CloudLeak: Large-Scale Deep Learning Models Stealing Through Adversarial Examples

Honggang Yu (University of Florida), Kaichen Yang (University of Florida), Teng Zhang (University of Central Florida), Yun-Yun Tsai (National Tsing Hua University), Tsung-Yi Ho (National Tsing Hua University), Yier Jin (University of Florida)

Cloud-based Machine Learning as a Service (MLaaS) is gradually gaining acceptance as a reliable solution to various real-life scenarios. These services typically utilize Deep Neural Networks (DNNs) to perform classification and detection tasks and are accessed through Application Programming Interfaces (APIs).
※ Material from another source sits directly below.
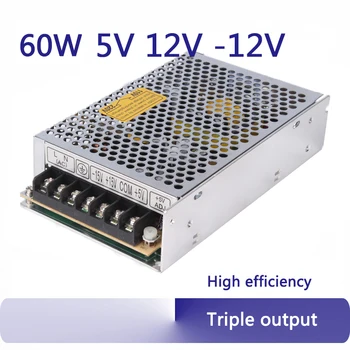 5V 12V -12V 60W Triple output switching power supply 110/220V AC to DC T-60B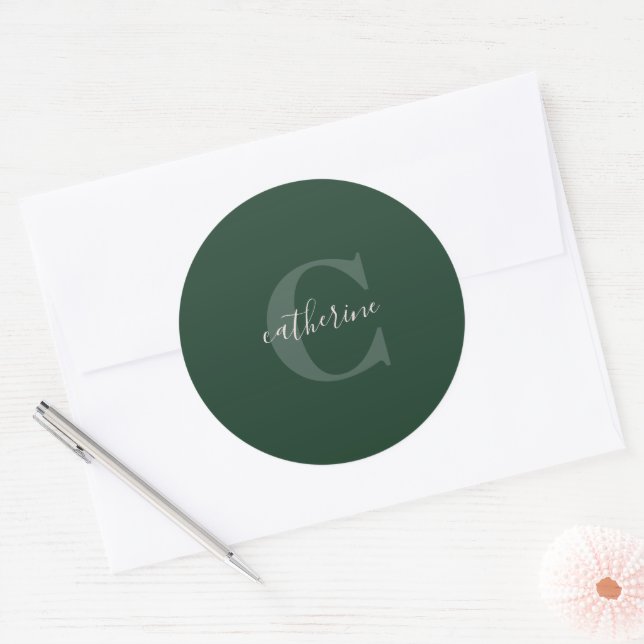 Monogrammed Forest Green Cute Girly Print Classic Round Sticker (Envelope)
Unfortunately, it is possible for an adversary to steal models from cloud-based platforms, even with black-box constraints, by repeatedly querying the public prediction API with malicious inputs. In this paper, we introduce an effective and efficient black-box attack methodology that extracts largescale DNN models from cloud-based platforms with near-perfect performance. In comparison to existing attack methods, we significantly reduce the number of queries required to steal the target model by incorporating several novel algorithms, including active learning, transfer learning, and adversarial attacks. During our experimental evaluations, we validate our proposed model for conducting theft attacks on various commercialized MLaaS platforms including two Microsoft Custom Vision APIs (Microsoft Traffic Recognition API and Microsoft Flower Recognition API), the Face++ Emotion Recognition API, the IBM Watson Visual Recognition API, Google AutoML API, and the Clarifai Safe for Work (NSFW) API. Our results demonstrate that the proposed method can easily reveal/steal large-scale DNN models from these cloud platforms. Further, the proposed attack method can also be used to accurately evaluates the robustness of DNN based MLaaS image classifiers against theft attacks.